Warga Rohingya terjebak di Rakhine.
Perempuan bertubuh kurus dan bermata coklat itu hanya bisa diam tak berdaya ketika pasukan tentara menodongkan senjata api ke hadapannya dan juga ratusan perempuan lain yang tengah berbaris di dalam sungai sedalam dada orang dewasa.
Namun, diamnya berubah menjadi ketakutan luar biasa saat salah satu tentara menunjuk dia dan bayi dalam gendongannya dengan gerakan penuh ancaman. Saat itu firasat buruk menyergapnya dan dia pun sadar nasibnya akan berubah drastis setelah itu.
Dia memeluk bayinya seerat mungkin ketika tentara tersebut semakin mendekatinya.
Namun, dalam waktu beberapa detik, perempuan tersebut merasakan wajahnya dipukul tongkat sementara bayi dalam pelukannya dirampas. Seakan hal itu masih belum menyakitkan baginya, tentara tersebut lalu melempar bayinya ke dalam api yang berkobar dan menyeret dia ke rumah yang telah dikosongkan pemiliknya untuk diperkosa secara bergilir.

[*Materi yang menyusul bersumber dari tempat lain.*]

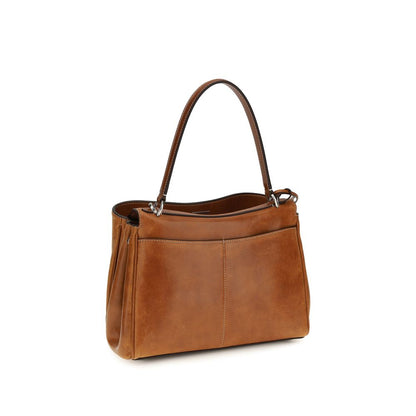 This Handbag by Balenciaga for women in lambskin leather and brown & silver presents a sculptural silhouette featuring a secure , ample built-in-compartments & external-pockets, and versatile shoulder-strap & handle for a sculptural finish.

Dia adalah Rajuma, pengungsi Rohingya yang merasakan secara nyata kekejaman dilakukan oleh tentara Myanmar terhadapnya dan juga jutaan warga muslim lain di Negara Bagian Rakhine.
"Mereka melemparkan bayi saya ke dalam api, melemparnya begitu saja!" aku Rajuma, dikutip dari laman Independent, Kamis (12/10).
"Setelah itu, dua tentara menarik saya ke sebuah rumah, merobek jilbab dan pakaian saya, lalu memperkosa saya. Bukan saya saja, tapi dua kakak perempuan saya diperkosa di tempat sama dan ibu serta adik laki-laki saya yang masih 10 tahun ditembak di depan mata saya," Rajuma tak kuat menahan tangisnya.
Rajuma mengira dirinya telah tewas setelah hilang kesadaran. Ketika terbangun, tentara-tentara itu sudah pergi. Tetapi rumah-rumah di sekelilingnya sudah hangus terbakar.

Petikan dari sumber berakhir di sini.